Tom Lane wrote:
> Heikki Linnakangas <heikki@enterprisedb.com> writes:
>> Florian suggested a scheme where the xid and epoch is embedded in the
>> filename, but that's unnecessarily complex. We could just make
>> relfilenode a 64-bit integer. 2^64 should be enough for everyone.
>
> Doesn't fix the problem unless DB and TS OIDs become int64 too;
Remember what the original scenario was:
1. DROP TABLE foo;
2. BEGIN; CREATE TABLE bar; COPY TO bar ...; COMMIT -- bar gets the same
relfilenode as "foo", by chance
3. <crash>
4. WAL replay of "DROP TABLE foo" deletes the data inserted at step 2.
Because the table was created in the same transaction, we skipped WAL
logging the inserts, and the data is lost.
Even if we can get a collision in DB or tablespace OIDs, we can't get a
collision at step 2 if we don't reuse relfilenodes.
> in fact, given that we generate relfilenodes off the OID counter,
> it's difficult to see how you do this without making *all* OIDs
> 64-bit.
By generating them off a new 64-bit counter instead of the OID counter.

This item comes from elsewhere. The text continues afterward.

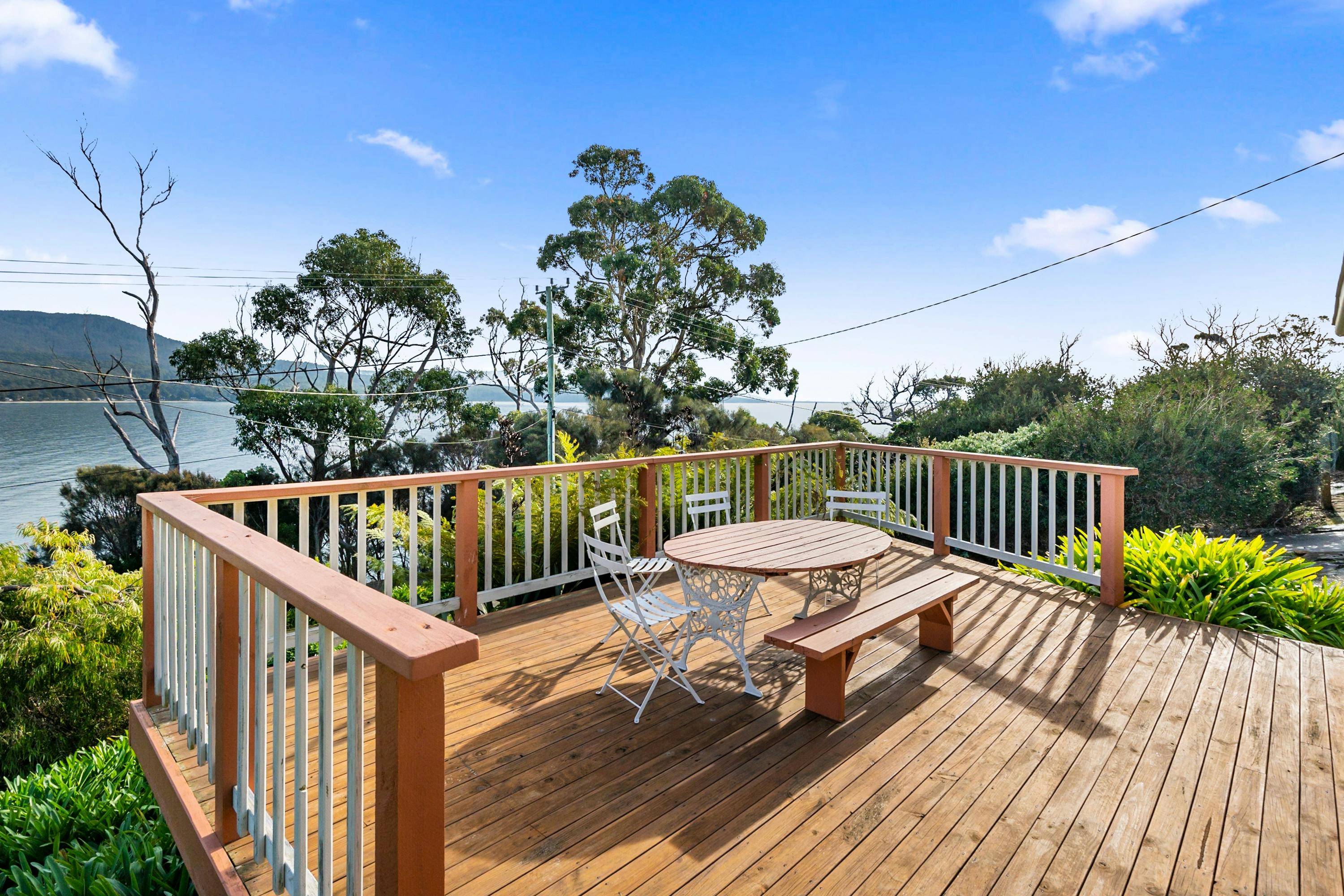 Oceanfront stay near Bruny Island Cruises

Or by extending the OID counter to 64-bits, but only using the lower 64
bits for OIDs.
> Plus you're assuming that the machine has working 64-bit ints.
> There's a large difference in my mind between saying "bigint
> doesn't work right if you don't have working int64" and "we don't
> guarantee the safety of your data if you don't have int64".
> I'm not prepared to rip out the non-collision code until such
> time as we irrevocably refuse to build on machines without int64.
Hmm. We could make it a struct of two int4s if we have to, couldn't we?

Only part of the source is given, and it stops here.